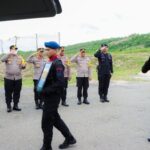Foto: Jenazah Bripda Alfandi Steve Karamoy korban penembakan KKB Papua tiba di Banggai, Sulteng. (Dok. Istimewa)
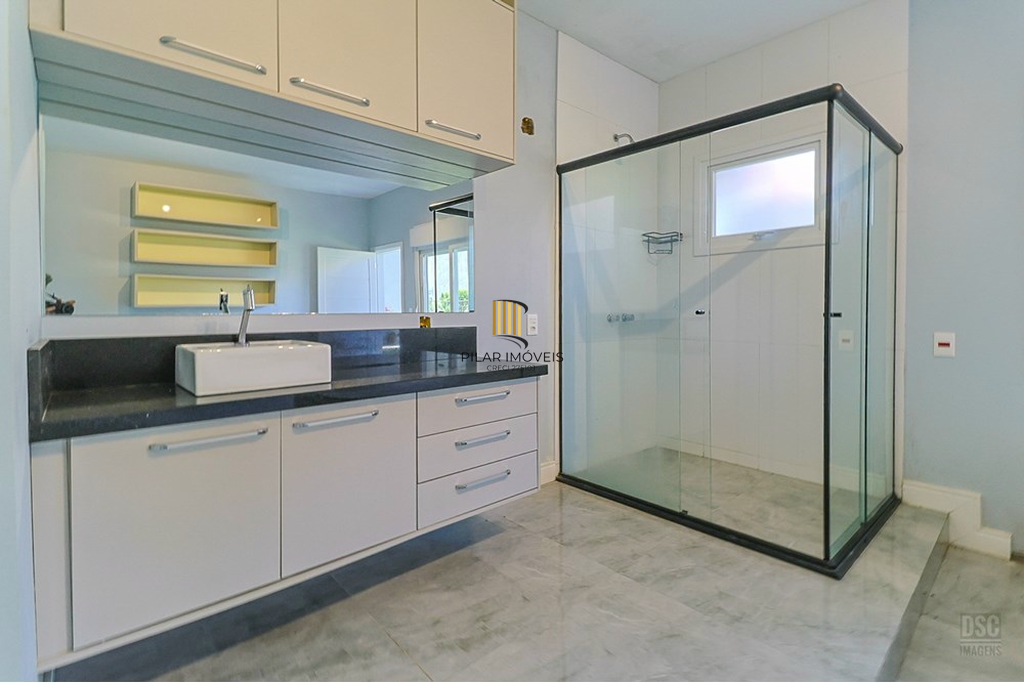 Casa 5 dormitórios no bairro Ipanema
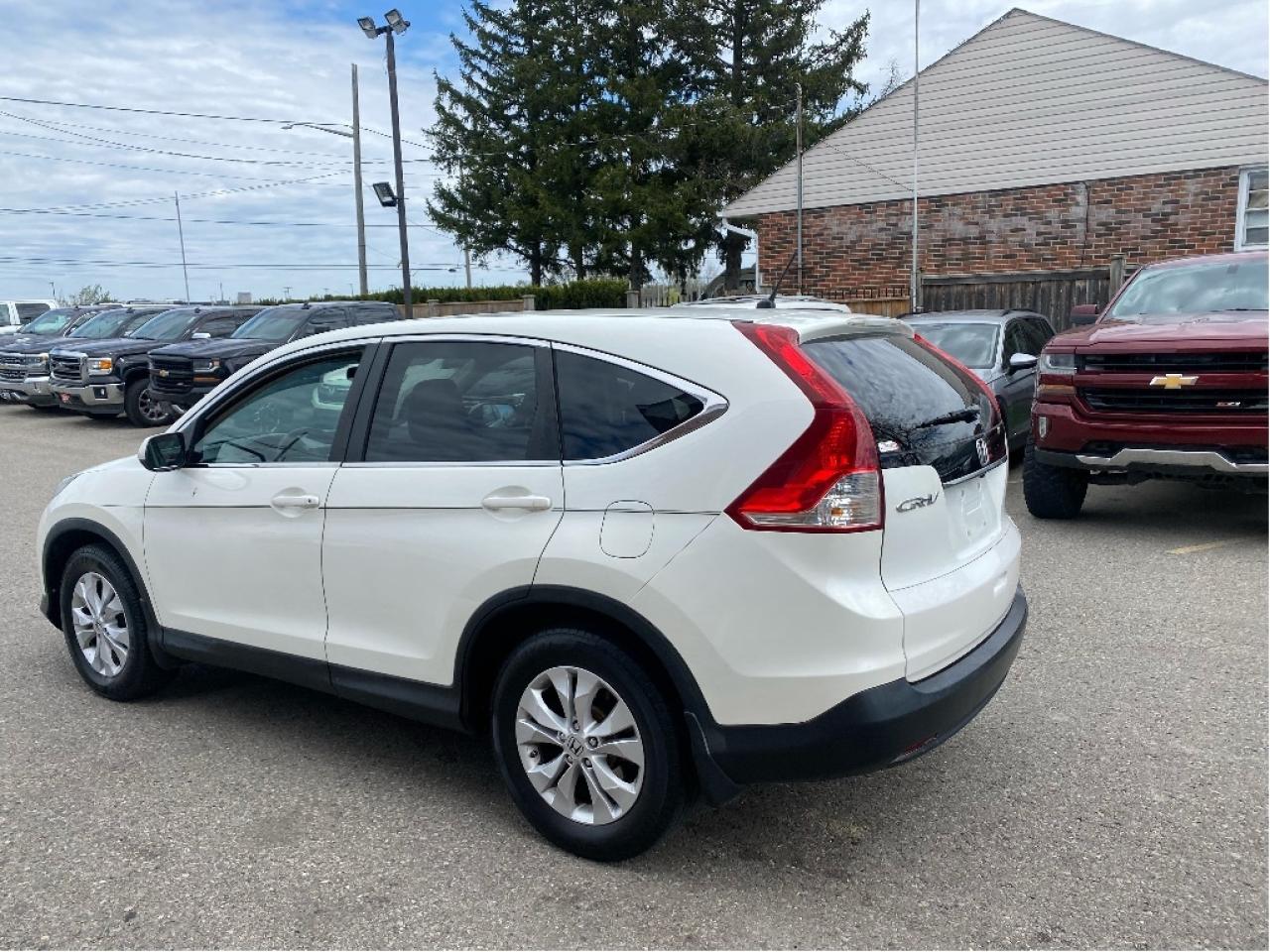 2013 Honda CR-V EX. No accidents, 2Sets of Tires !! Photo4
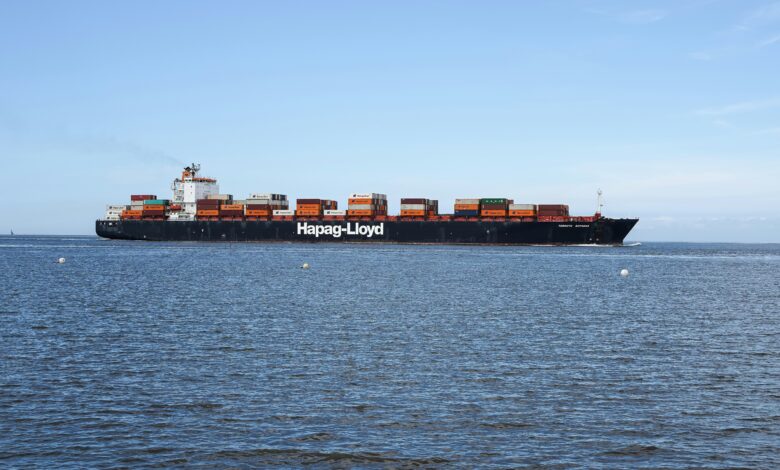 Hapag-Lloyd SE1 Suez Canal sailings through the Red Sea under the Gemini Cooperation.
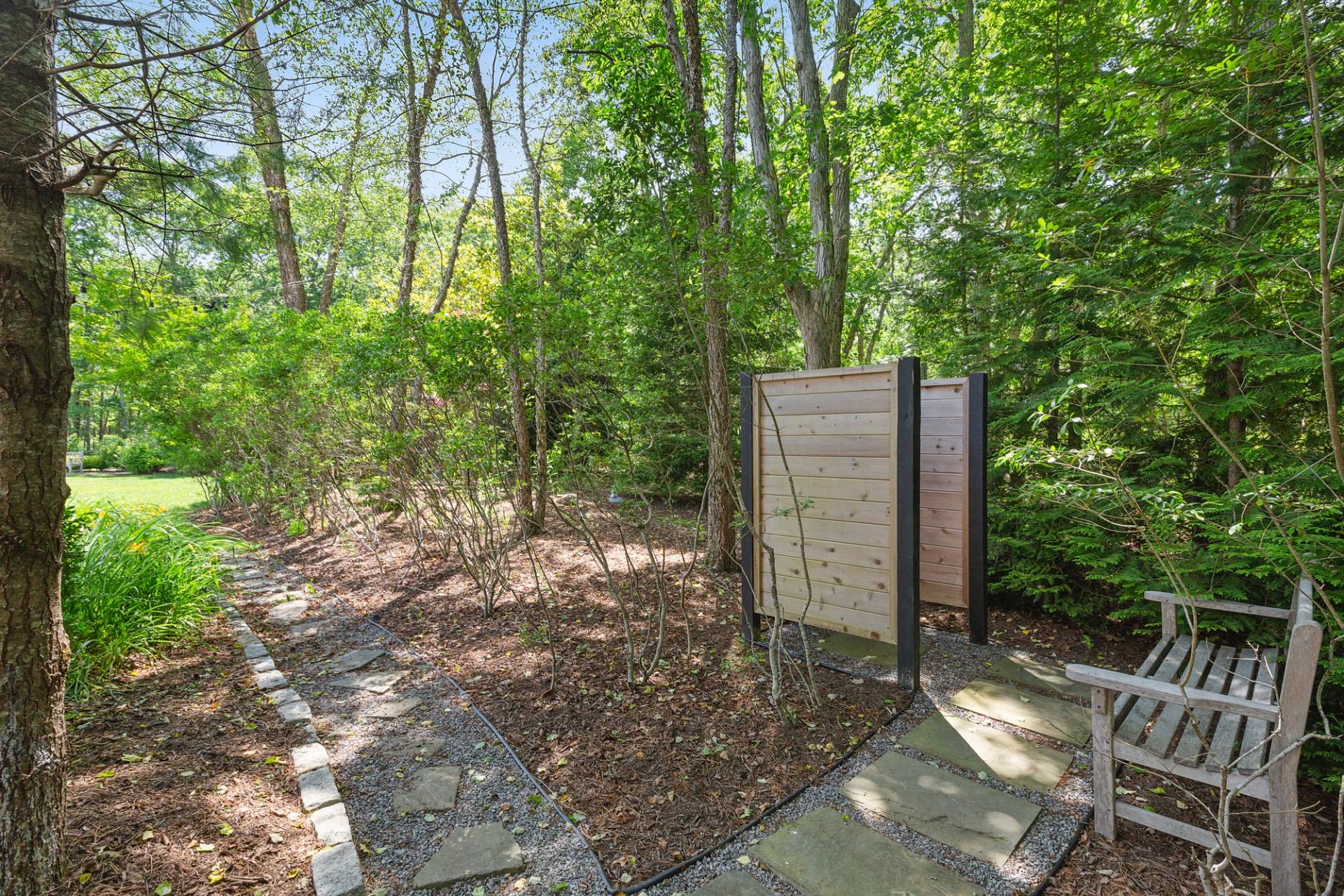 207 SIX POLE HWY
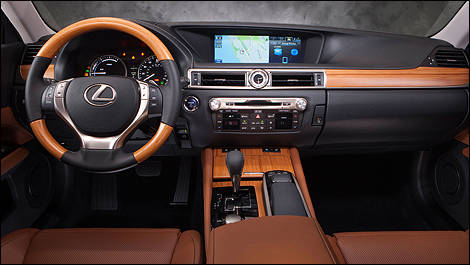 2013 Lexus GS 450h interior
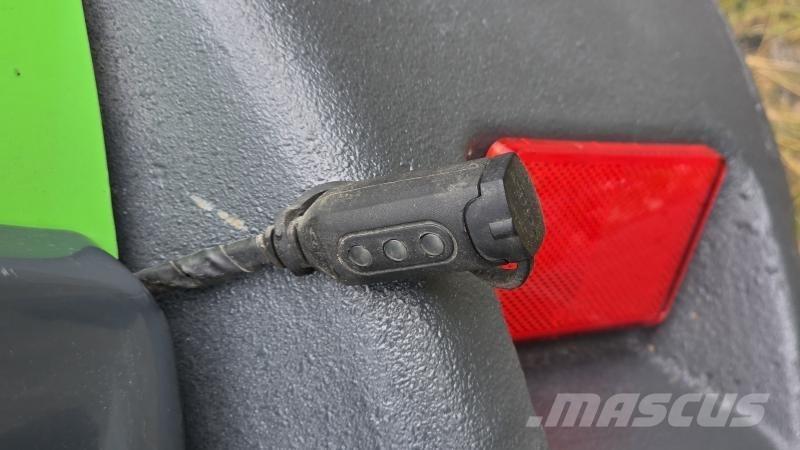 Avant 635i med L-hytt Mini incarcator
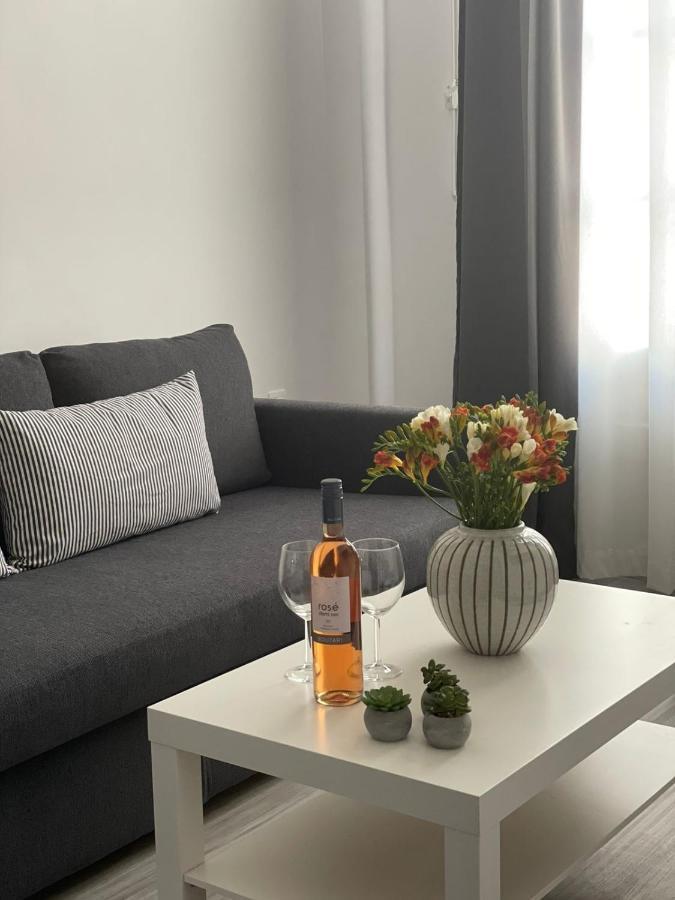 Central Suites Aegina 1 외부 사진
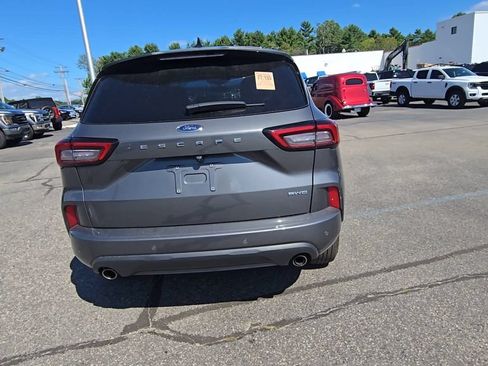 Certified 2023 Ford Escape ST-Line w/ Tech Pack #1 AWD/4WD image 18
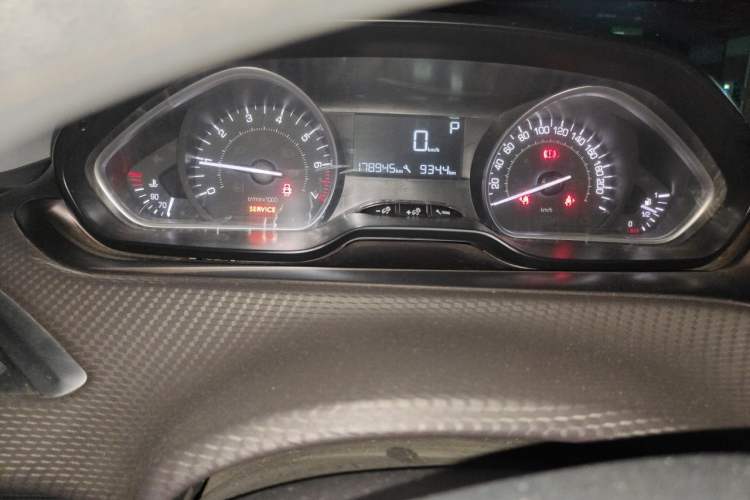 Used Peugeot 2008 2014 1.6L Automatic Fashion Edition Instrument Cluster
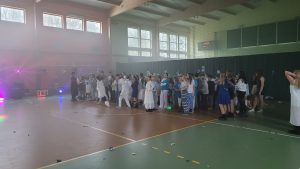 uczniowie we wspólnym tańcu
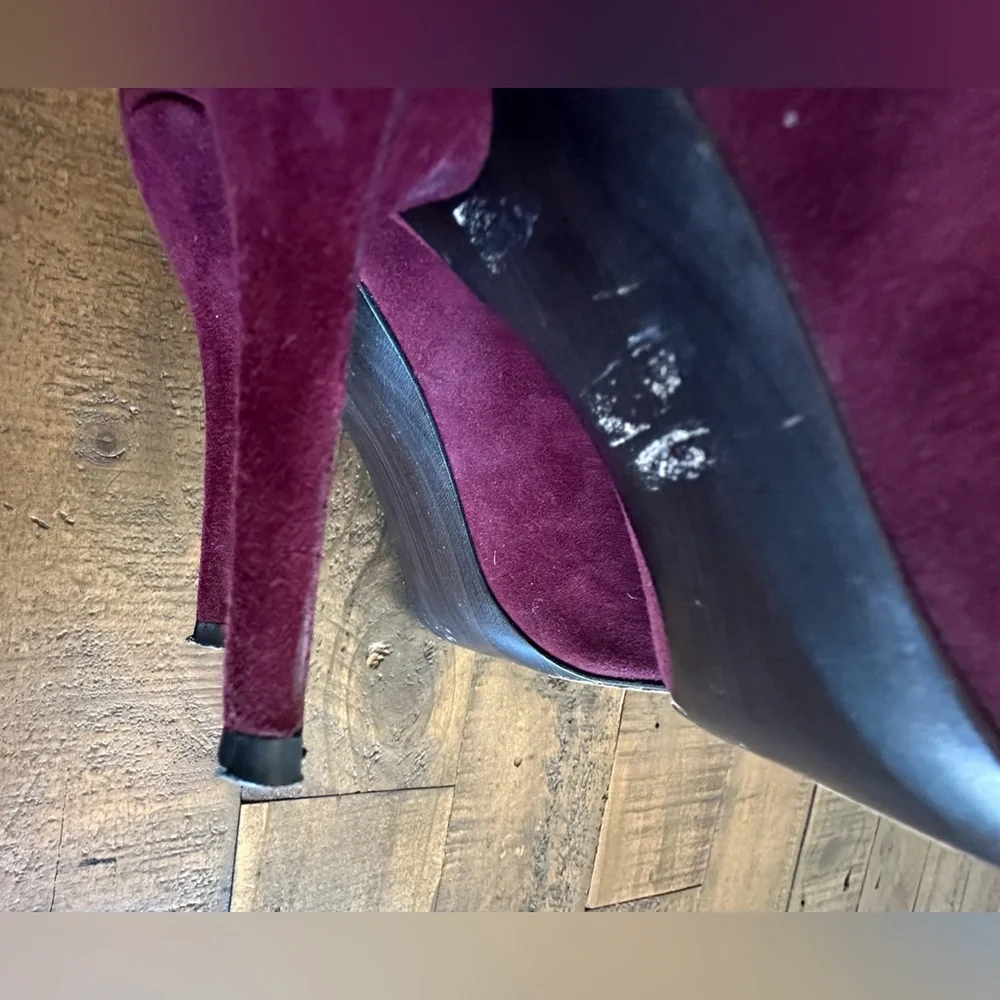 Stuart Weitzman Wine Suede Heels -‎ Size 8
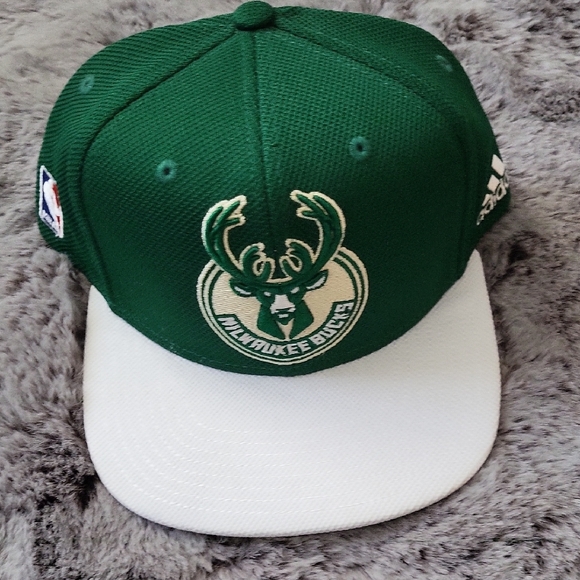 Milwaukee Bucks Snapback Hat Collection - Black, Green, White - Picture 6 of 7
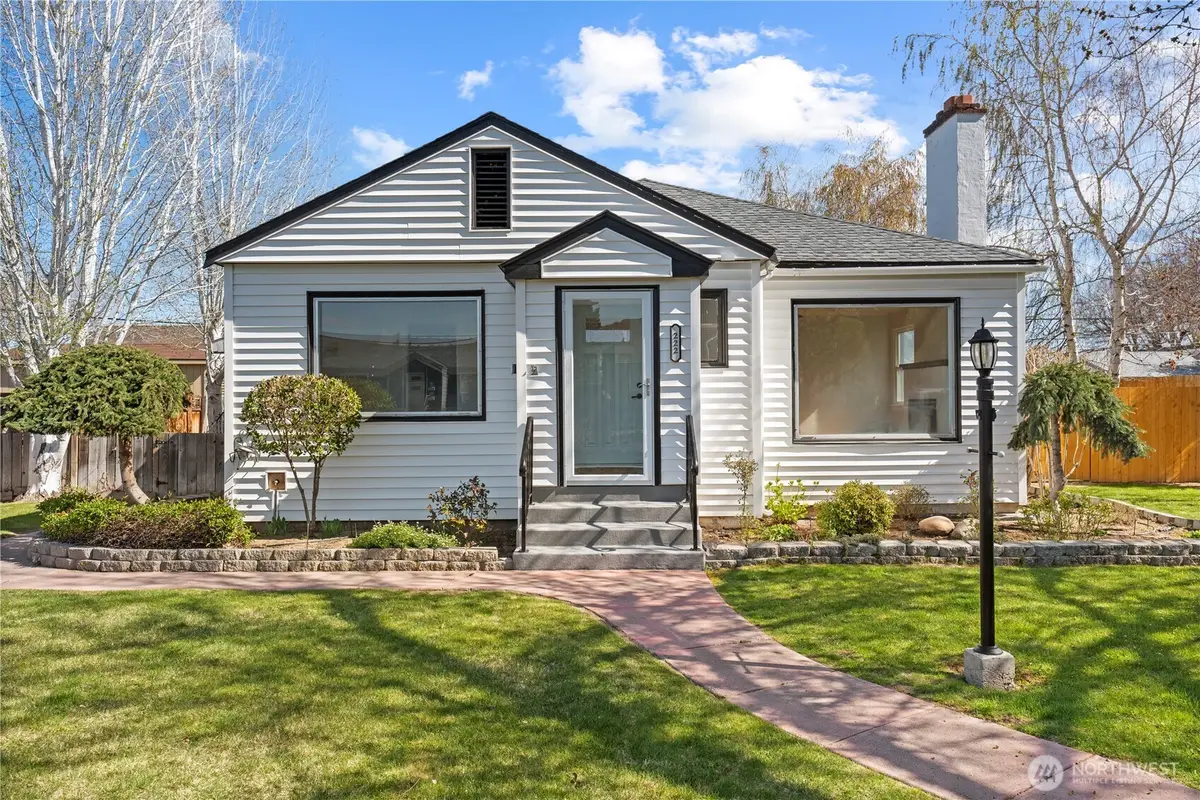 222 D Street Sw, Ephrata, WA 98823 - #1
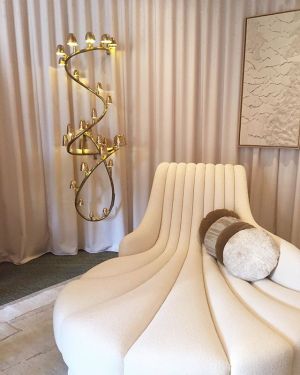 We were a little proud to find Frederik Molenschot’s brass lamp as part of the scenery of Anne-Sophie Pailleret lovely layout. @studiomolen #frederikmolenschot @annesophie.pailleret #annesophiepailleret  #adinterieurs #paris #parisdesignweek #chic #style 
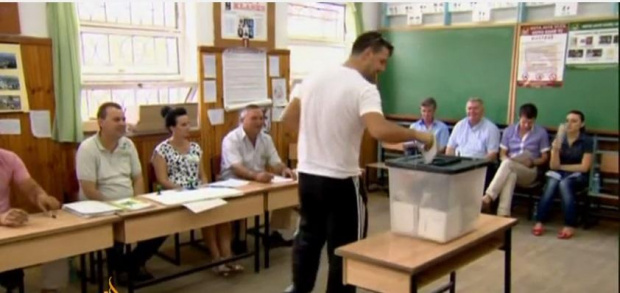 Непосредствено преди парламентарните избори на 4 април Барометър България проведе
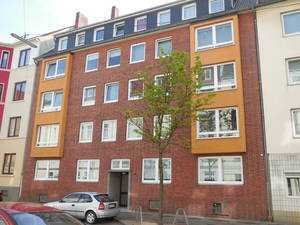 Gut geschnittene, helle 3-Raum-Wohnung mit Balkon in Geestemünde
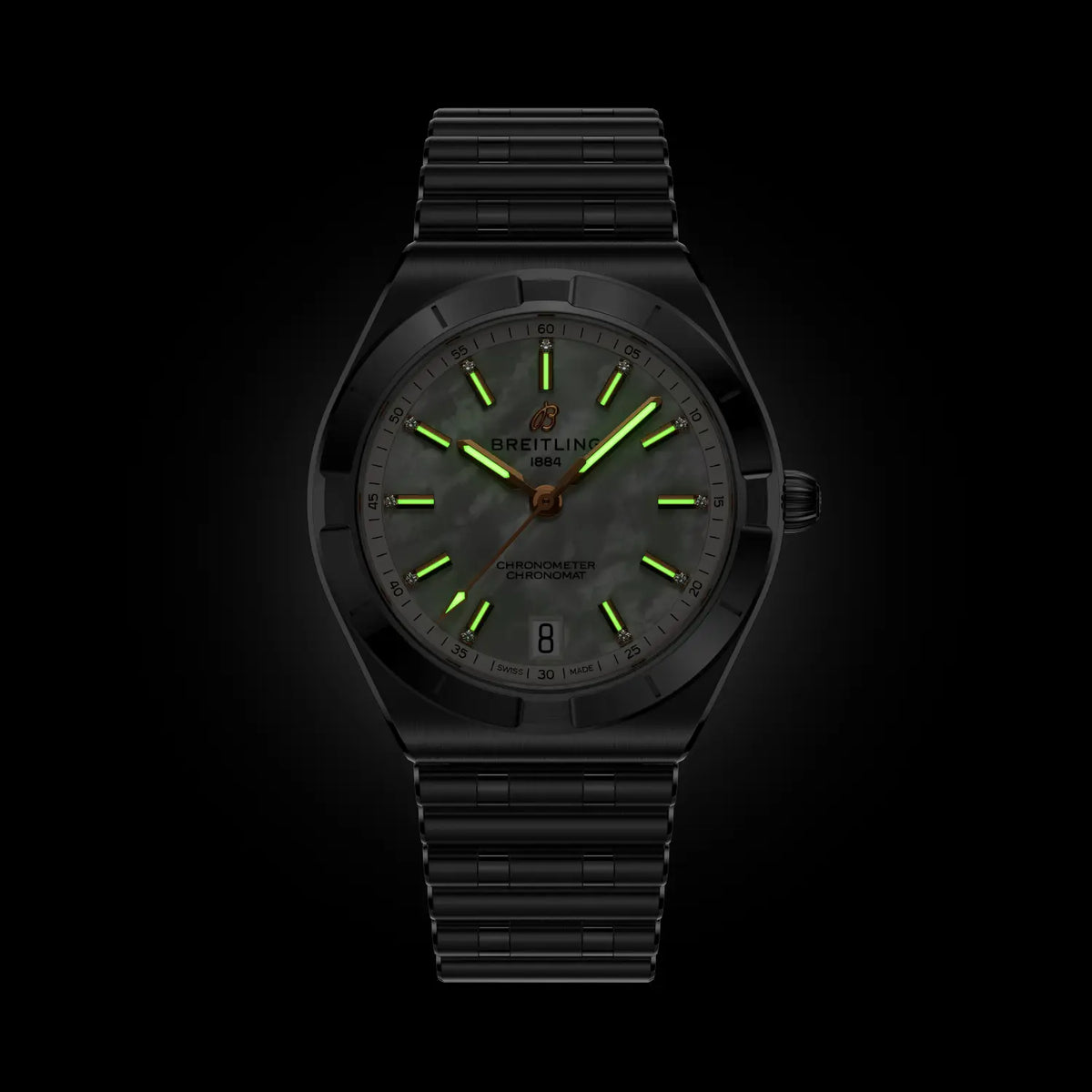 Breitling Chronomat Automatic 36 A10320101A1A1 – luminous hands and markers in the dark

=== WORK ORDER ===
An exact copy of the lines above, from the first through the line that holds "We were a little", is what is needed; leave the pictures out.

=== ANSWER BOX ===
Foto: Jenazah Bripda Alfandi Steve Karamoy korban penembakan KKB Papua tiba di Banggai, Sulteng. (Dok. Istimewa)
 Casa 5 dormitórios no bairro Ipanema
 2013 Honda CR-V EX. No accidents, 2Sets of Tires !! Photo4
 Hapag-Lloyd SE1 Suez Canal sailings through the Red Sea under the Gemini Cooperation.
 207 SIX POLE HWY
 2013 Lexus GS 450h interior
 Avant 635i med L-hytt Mini incarcator
 Central Suites Aegina 1 외부 사진
 Certified 2023 Ford Escape ST-Line w/ Tech Pack #1 AWD/4WD image 18
 Used Peugeot 2008 2014 1.6L Automatic Fashion Edition Instrument Cluster
 uczniowie we wspólnym tańcu
 Stuart Weitzman Wine Suede Heels -‎ Size 8
 Milwaukee Bucks Snapback Hat Collection - Black, Green, White - Picture 6 of 7
 222 D Street Sw, Ephrata, WA 98823 - #1
 We were a little proud to find Frederik Molenschot’s brass lamp as part of the scenery of Anne-Sophie Pailleret lovely layout. @studiomolen #frederikmolenschot @annesophie.pailleret #annesophiepailleret  #adinterieurs #paris #parisdesignweek #chic #style 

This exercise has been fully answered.